NJ cheers, prays, worries after bin Laden's death

MIDDLETOWN, N.J. - May 2, 2011

Train and airplane passengers passed troops with powerful weapons strapped to their sides. Politicians praised the covert operation in Pakistan that killed the most wanted man in the world.

New Jersey cheered, feared, worried and prayed a day after U.S. troops killed al-Qaida leader Osama bin Laden in a raid on a heavily guarded luxury compound in Pakistan.

"This brings back all of the suffering we went through," said Walter Cramer of Manahawkin, whose son Christopher and daughter-in-law Ann Marie both died when bin Laden's terrorists slammed hijacked jets into the World Trade Center on Sept. 11, 2001. The Cramers were on the 90th floor and did not stand a chance.

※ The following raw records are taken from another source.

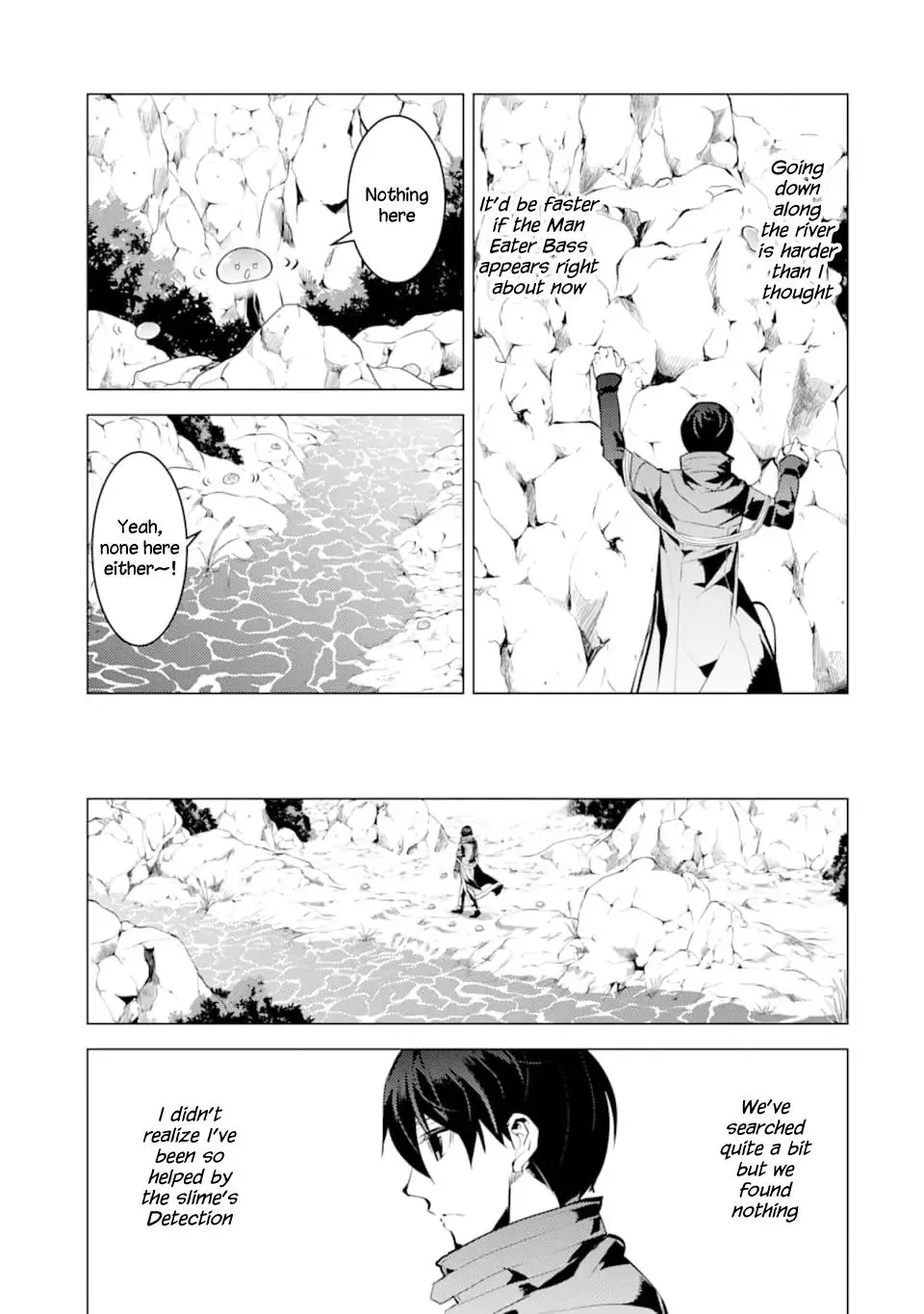 Tensei Kenja No Isekai Raifu ~Daini No Shokugyo Wo Ete, Sekai Saikyou Ni Narimashita~ - Page 3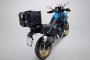 Rent Yamaha TENERE 700 Rally motorcycle, Moto Andro, Split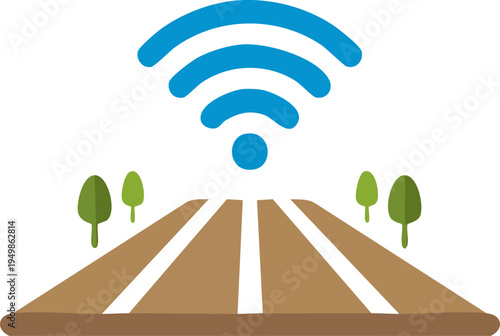 Digital Equipment Ecology Graphic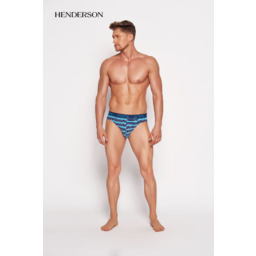 Slipy B027 35434-55x 2 sztuki - Niebieskie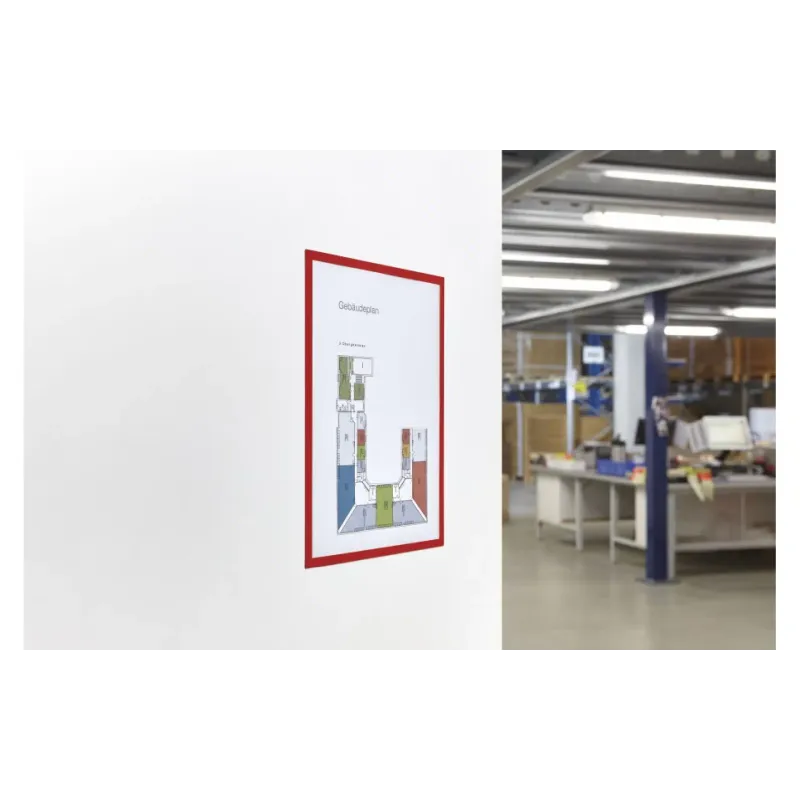 Μαγνητικά πλαίσια Magnetoplan (1130306)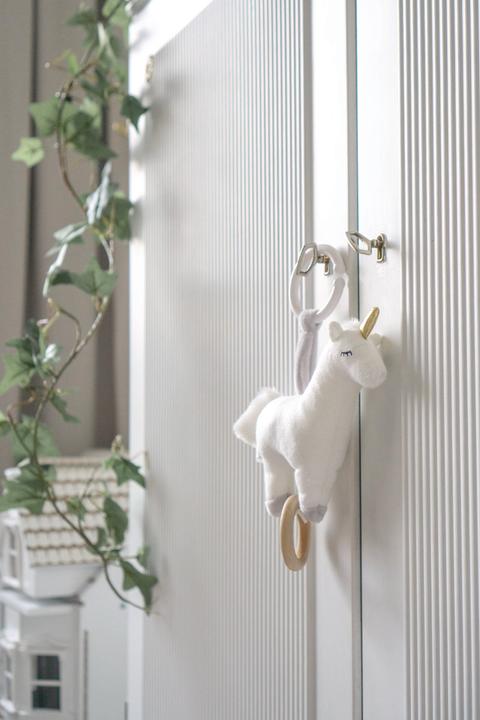 Actual product image Jabadabado Unicorn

"It was really tough," Walter Cramer said. "When you lose a child, you never get over it."

But he was effusive in his praise for the Navy SEALs who carried out the raid and killed the terror mastermind.

"I was very happy to see that they got him," Cramer said. "Those Navy SEALS did a wonderful job and I'm very grateful to them."

In the nearly 10 years since her husband, Louis, was murdered along with thousands of others in the World Trade Center, Barbara Minervino has struggled mightily with her Catholic faith's teaching that no sin is too grave to be forgiven. Her husband, a senior vice president at Marsh USA Inc., part of Marsh & McLennan Cos., was in his office on the 98th floor, and just hung up the phone with his wife after telling her he loved her when the plane hit.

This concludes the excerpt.